Normalement, le fichier .desktop serait nommé "appimagekit_...desktop", donc il ne pourrait pas remplacer entièrement les applications système. Cependant, Integrator.cpp dans libappimage récupère le champ Name sans validation ni échappement, donc nous pouvons ajouter ceci au fichier .desktop malveillant :
Name=/../org.gnome.Nautilus
Name[en]=Files
et le fichier sera écrit vers ~/.local/share/applications/org.gnome.Nautilus.desktop, masquant ainsi le Nautilus installé par le système.
Assurez-vous que votre version installée de libappimage est au moins la 1.0.3, qui corrige la validation du champ Name.
Notamment, cela n'inclut pas actuellement la version de libappimage de Debian, qui est assez obsolète.
Toutes les versions d'appimaged sont vulnérables, et le projet a été déprécié.

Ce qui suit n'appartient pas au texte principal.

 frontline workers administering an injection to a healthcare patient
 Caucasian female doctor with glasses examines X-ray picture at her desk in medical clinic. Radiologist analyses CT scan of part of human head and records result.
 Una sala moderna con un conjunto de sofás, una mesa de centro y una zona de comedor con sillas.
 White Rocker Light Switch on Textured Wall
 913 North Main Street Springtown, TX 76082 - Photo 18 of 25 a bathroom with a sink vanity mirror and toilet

go-appimage évite le problème de nom de fichier en ne détectant que les appimages nommées
*.AppImage. AppImageLauncher évite le problème de nom de fichier en
demandant à l'utilisateur l'autorisation d'installer avant l'installation.
Placez un fichier audio aléatoire dans audio.mp3 et exécutez dart bin/write_mp3.dart pour construire la charge utile et écrire le
fichier MP3 modifié. Vous avez besoin du SDK Dart et de FreePascal installés pour que cela fonctionne.

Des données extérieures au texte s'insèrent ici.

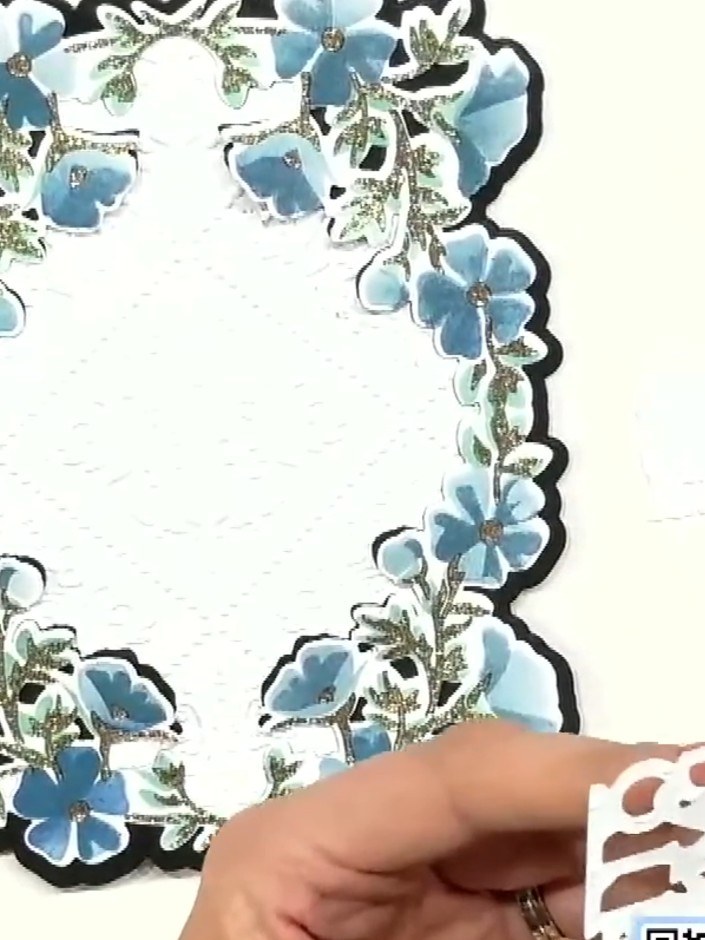 Step 1: Take your decorative floral frame card blank and arrange it in landscape orientation on your craft mat. The fr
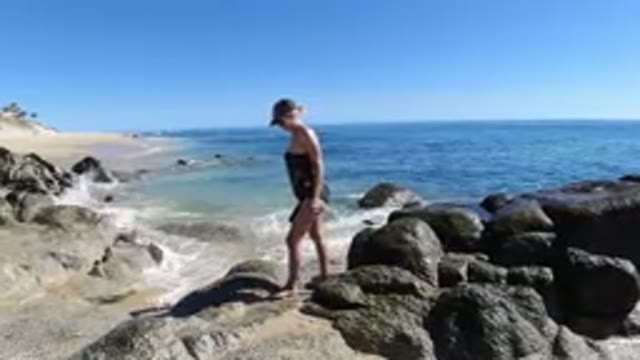 LOS CABOS MEXICO-2019: Woman In Bathing Suit Fully Walking Across Rocks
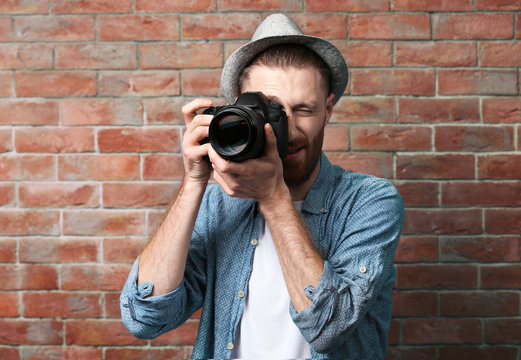Handsome photographer near brick wall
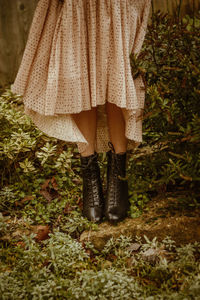 Low section of woman standing by plants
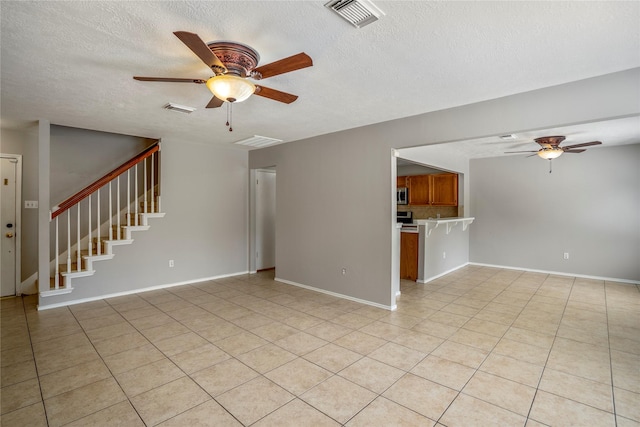 unfurnished living room featuring a ceiling fan, a textured ceiling, visible vents, and light tile patterned flooring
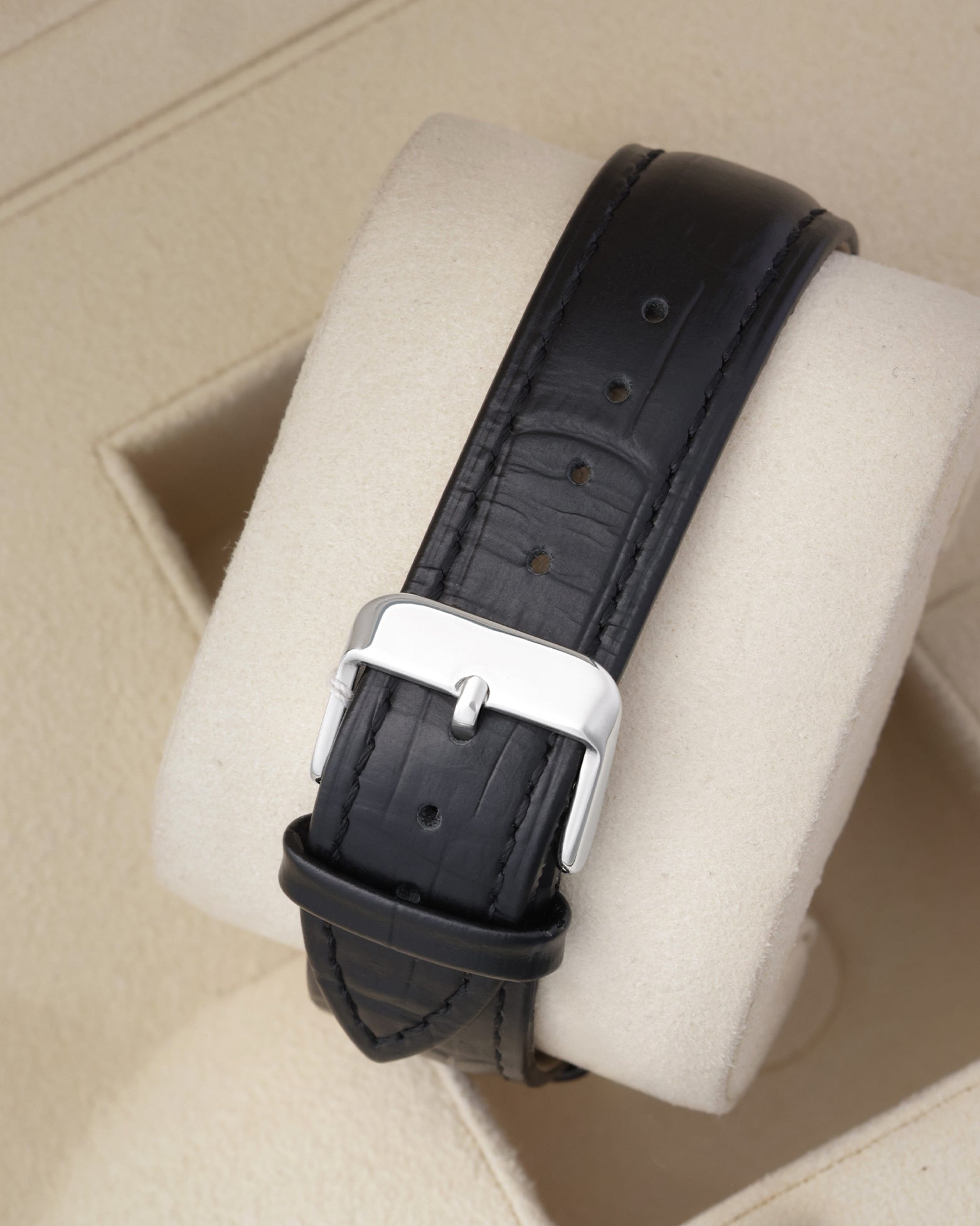 Rear view of the smooth black leather watch strap highlighting the polished stainless steel tang buckle closure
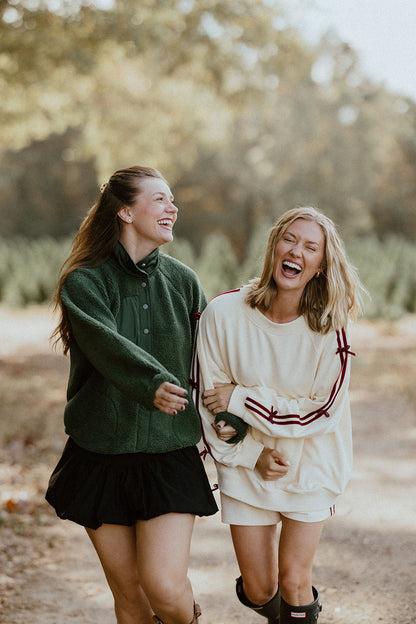 Felpa con scritta "Good Tidings"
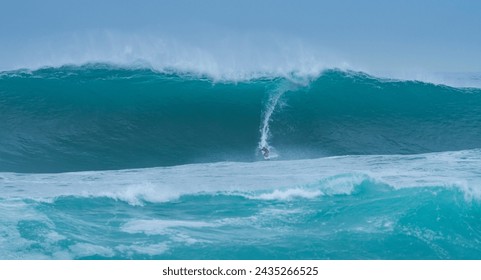 "Giant Cow" surf competition. Storm surge with big waves. Santander Municipality. Cantabrian Sea. Cantabria. Spain. Europe - Powered by Shutterstock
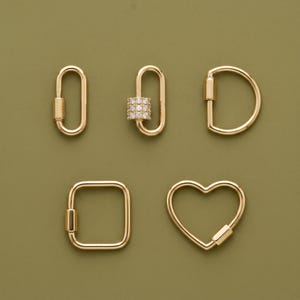 May include: A collection of five gold-toned metal carabiner clasps in various shapes including oval, D-shape, square, and heart. One oval clasp features a cylindrical accent embedded with small clear stones. Each clasp has a spring-loaded gate.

Pascal a été utilisé pour le binaire car il produisait les exécutables statiquement liés les plus petits parmi les autres langages testés (C lié statiquement avec musl, Go) lors de l'utilisation de fonctionnalités de sous-processus.
Lors des tests, world.execute(me) a été utilisé comme fichier audio, car cela semblait approprié.